What is being asked: Below is a listing from which only part is wanted; return exactly the lines from the one with "John Coltrane album" up to and including the one with "a attic bedroom".

Entries shown:
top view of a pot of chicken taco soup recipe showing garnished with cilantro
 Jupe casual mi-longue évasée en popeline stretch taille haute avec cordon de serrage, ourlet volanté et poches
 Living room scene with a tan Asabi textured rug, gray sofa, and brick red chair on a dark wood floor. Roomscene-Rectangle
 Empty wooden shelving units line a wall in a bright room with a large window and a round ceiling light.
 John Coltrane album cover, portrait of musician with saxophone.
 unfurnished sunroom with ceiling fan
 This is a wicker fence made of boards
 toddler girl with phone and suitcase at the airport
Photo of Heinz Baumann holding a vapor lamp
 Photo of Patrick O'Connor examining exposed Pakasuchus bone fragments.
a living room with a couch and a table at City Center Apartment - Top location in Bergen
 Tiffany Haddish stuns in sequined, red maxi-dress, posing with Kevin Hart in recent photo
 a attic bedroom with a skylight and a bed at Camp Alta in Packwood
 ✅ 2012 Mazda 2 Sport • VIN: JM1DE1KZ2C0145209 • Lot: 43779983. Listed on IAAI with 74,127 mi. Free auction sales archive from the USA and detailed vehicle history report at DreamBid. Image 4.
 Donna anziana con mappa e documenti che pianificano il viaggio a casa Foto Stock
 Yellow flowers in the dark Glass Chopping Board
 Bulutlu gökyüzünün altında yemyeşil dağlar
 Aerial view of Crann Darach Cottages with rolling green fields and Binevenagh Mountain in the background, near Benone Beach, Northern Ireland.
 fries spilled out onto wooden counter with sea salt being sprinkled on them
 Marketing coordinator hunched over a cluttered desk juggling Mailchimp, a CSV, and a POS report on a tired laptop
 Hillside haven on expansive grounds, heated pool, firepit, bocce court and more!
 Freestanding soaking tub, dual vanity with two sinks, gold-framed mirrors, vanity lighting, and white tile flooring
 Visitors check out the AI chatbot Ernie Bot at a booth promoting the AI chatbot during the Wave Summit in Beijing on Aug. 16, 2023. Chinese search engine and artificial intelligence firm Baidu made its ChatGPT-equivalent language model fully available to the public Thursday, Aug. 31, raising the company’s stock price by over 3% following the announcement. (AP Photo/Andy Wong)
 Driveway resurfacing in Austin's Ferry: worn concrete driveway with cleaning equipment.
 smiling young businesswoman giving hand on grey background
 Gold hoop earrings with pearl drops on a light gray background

Solution below:
 John Coltrane album cover, portrait of musician with saxophone.
 unfurnished sunroom with ceiling fan
 This is a wicker fence made of boards
 toddler girl with phone and suitcase at the airport
Photo of Heinz Baumann holding a vapor lamp
 Photo of Patrick O'Connor examining exposed Pakasuchus bone fragments.
a living room with a couch and a table at City Center Apartment - Top location in Bergen
 Tiffany Haddish stuns in sequined, red maxi-dress, posing with Kevin Hart in recent photo
 a attic bedroom with a skylight and a bed at Camp Alta in Packwood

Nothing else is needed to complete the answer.